> Recorded information:

-------------------------

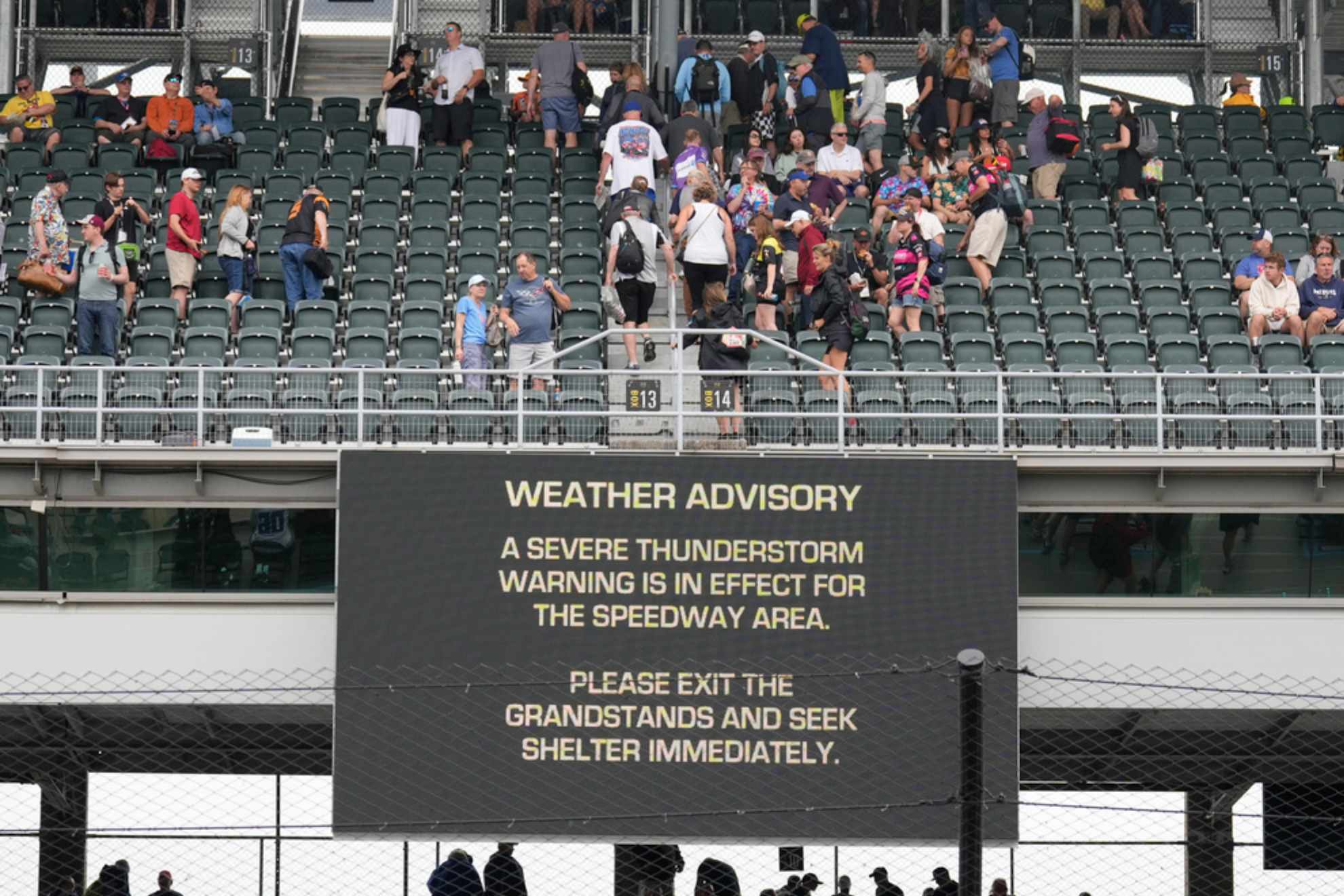 Fans exit the grandstands after a serve thunderstorm warning was issued for the area around the Indianapolis 500 auto race /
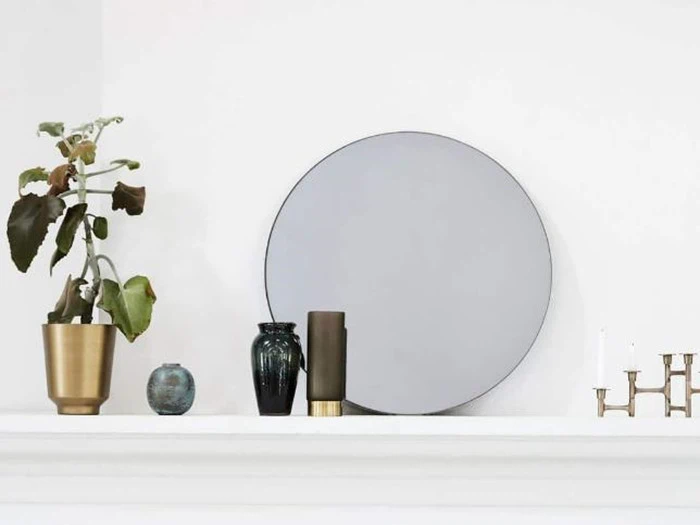 Et rundt spejl, en potteplante, vaser og en lysestage er anbragt på en hvid kaminhylde mod en almindelig væg.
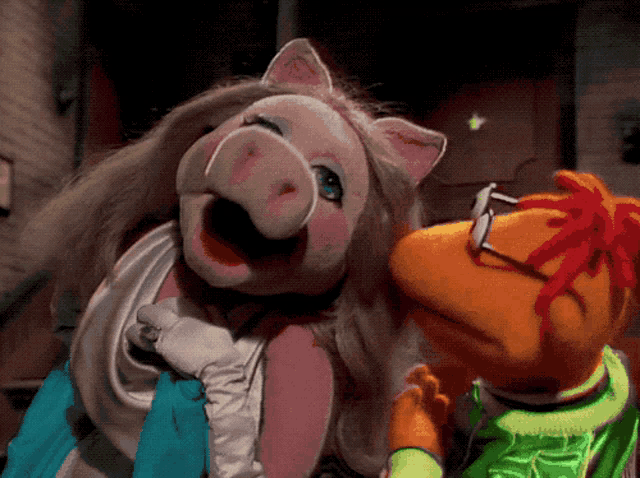 miss piggy and mr. piggy are standing next to each other in a dark room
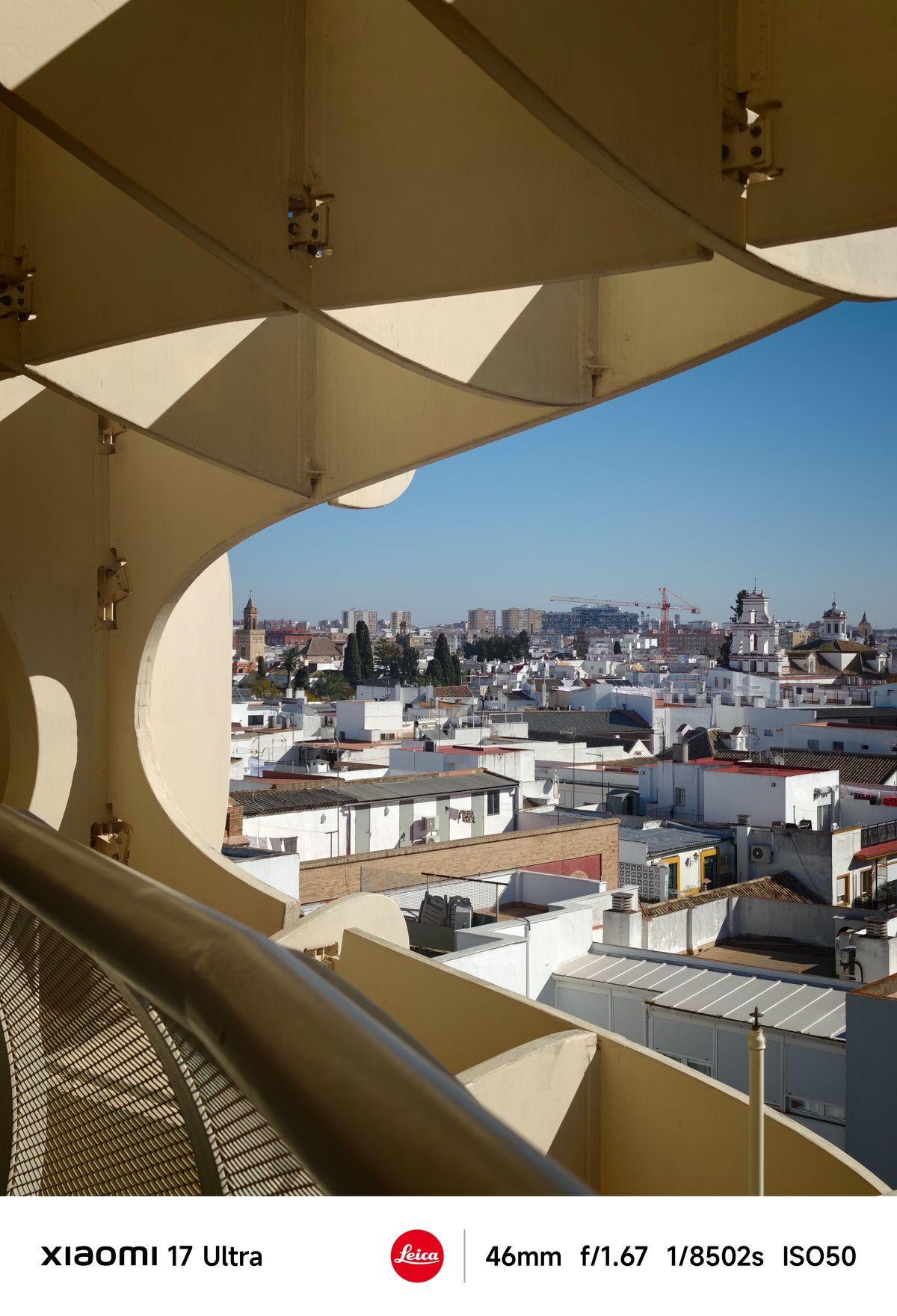 Cityscape of white rooftops framed by the Parasol&rsquo;s curved supports against a blue sky.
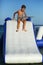 Caucasian boy of nine year old having fun at the inflatable beach aqua slide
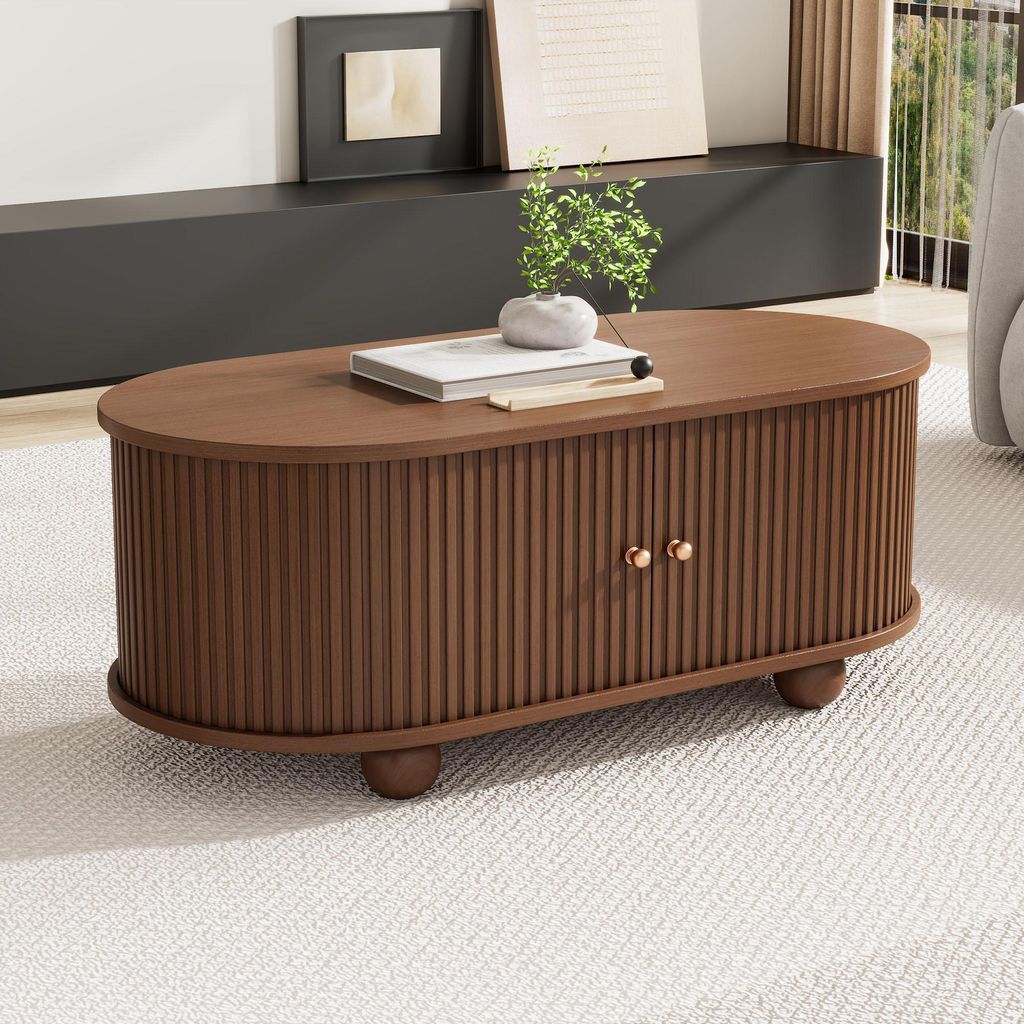 A wooden oval coffee table with ribbed doors and brass knobs sits on a textured rug in a living room setting.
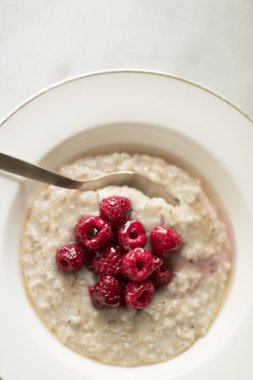 Ev yapımı rustik sağlıklı kahvaltı kavramı - yulaf ezmesi ahududu ve tatlım, zarif görsel tarz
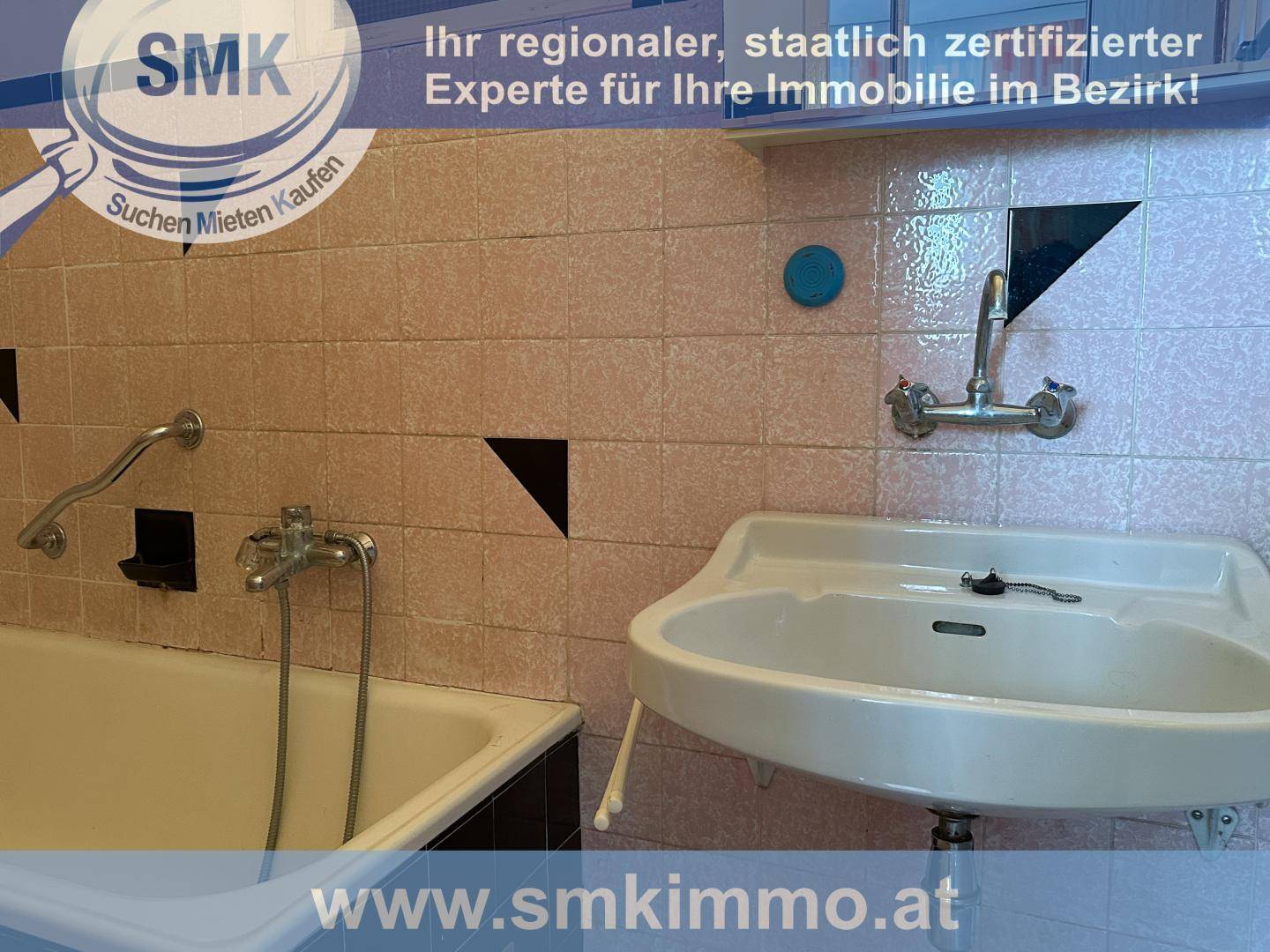 Badezimmer mit Badewanne, Waschbecken und rosa Wandfliesen.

-------------------------

> Assigned task: Set down exactly, and only, the lines from the one containing "miss piggy and" through the last line of the entries. Pictures do not belong in the copy.

> Result of this exercise:
 miss piggy and mr. piggy are standing next to each other in a dark room
 Cityscape of white rooftops framed by the Parasol&rsquo;s curved supports against a blue sky.
 Caucasian boy of nine year old having fun at the inflatable beach aqua slide
 A wooden oval coffee table with ribbed doors and brass knobs sits on a textured rug in a living room setting.
 Ev yapımı rustik sağlıklı kahvaltı kavramı - yulaf ezmesi ahududu ve tatlım, zarif görsel tarz
 Badezimmer mit Badewanne, Waschbecken und rosa Wandfliesen.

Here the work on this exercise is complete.